Now, all of this leaves me, as Secretary of State for a few more days, thinking about how we can make this powerful new tool part of our efforts to build friendships and partnerships, and deliver the benefits of open education to more people and more places.
Through the Open Book Project, we will work to expand access to free, high-quality, open education materials in Arabic, with a focus on science and technology. Our hope is to lower geographic, economic, and even gender-based barriers to learning. Anyone with access to the internet will be able to read, download, and print these open materials for free or adapt a copy that meets the local needs of their classrooms or education systems.
Now, you could say we are returning to a very old tradition, because at a time when Europe was still in the dark ages, Arab scholars preserved seminal writings from ancient Egypt, Greece, and Rome that would have otherwise have been lost. Today, we are honored to welcome representatives of the Arab League, of ALECSO and the Arab diaspora working to bring scientific knowledge and innovation to the people of today.

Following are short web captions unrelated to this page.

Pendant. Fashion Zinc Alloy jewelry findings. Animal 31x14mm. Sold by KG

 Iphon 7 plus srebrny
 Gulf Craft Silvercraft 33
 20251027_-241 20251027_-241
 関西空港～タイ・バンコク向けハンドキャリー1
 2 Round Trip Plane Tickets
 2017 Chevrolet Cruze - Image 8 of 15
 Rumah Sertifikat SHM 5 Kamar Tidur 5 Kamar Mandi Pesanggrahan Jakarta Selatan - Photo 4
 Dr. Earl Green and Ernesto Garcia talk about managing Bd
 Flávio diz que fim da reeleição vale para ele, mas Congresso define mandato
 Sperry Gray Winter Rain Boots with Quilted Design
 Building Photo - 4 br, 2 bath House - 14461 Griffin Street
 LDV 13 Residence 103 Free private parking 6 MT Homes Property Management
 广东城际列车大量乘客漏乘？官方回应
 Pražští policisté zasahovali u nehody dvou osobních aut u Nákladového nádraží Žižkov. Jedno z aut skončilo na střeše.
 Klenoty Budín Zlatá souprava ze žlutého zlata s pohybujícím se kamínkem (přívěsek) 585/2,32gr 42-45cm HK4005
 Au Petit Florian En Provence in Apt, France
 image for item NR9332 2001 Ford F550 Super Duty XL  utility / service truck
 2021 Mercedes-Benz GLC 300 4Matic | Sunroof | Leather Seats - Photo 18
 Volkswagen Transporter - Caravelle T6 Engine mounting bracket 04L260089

Now, we know it’s not enough to generate the right material. We have to work together to make sure it is connected to Arab educators, students, and classrooms, and I hope we can put a full year of high-quality college-level science textbooks – biology, chemistry, physics, and calculus – online, for free, in Arabic. And we also want to help Arab professors and intellectuals create their own open courses. And I know many of you have many more ideas to share.
I’m proud that so many trailblazers in open education come from the United States, including Creative Commons, the Hewlett Foundation, ISKME, Meedan, MIT OpenCourseWare, the OpenCourseWare Consortium, and Rice University OpenStax College. Your work is already proving that it has the potential to transform the way students learn across the world. Now, of course, this is a relatively new field, and there are a lot of questions about standards, accreditation, connecting online learners to employment. But we have to start, and we can start by doing what we are doing today – learning as we go, asking the hard questions, and getting good answers that we then will be able to share.
As I have traveled the world, I must say that we’re living at a moment when young people’s hunger for knowledge, opportunity, good jobs, the future that they seek, has never been more powerful. And it is also connected to peace and security. So let’s think of how we can creatively deliver on this very exciting program.
So I am honored to host you today and to look forward to hearing about what happens with this exciting new initiative. I’m honored to start it as Secretary of State after all the hard work that has gone into it, and I will be equally excited to follow it from outside when I leave the Department, and still care deeply about these issues and will do what I can to support you. Thank you all very much.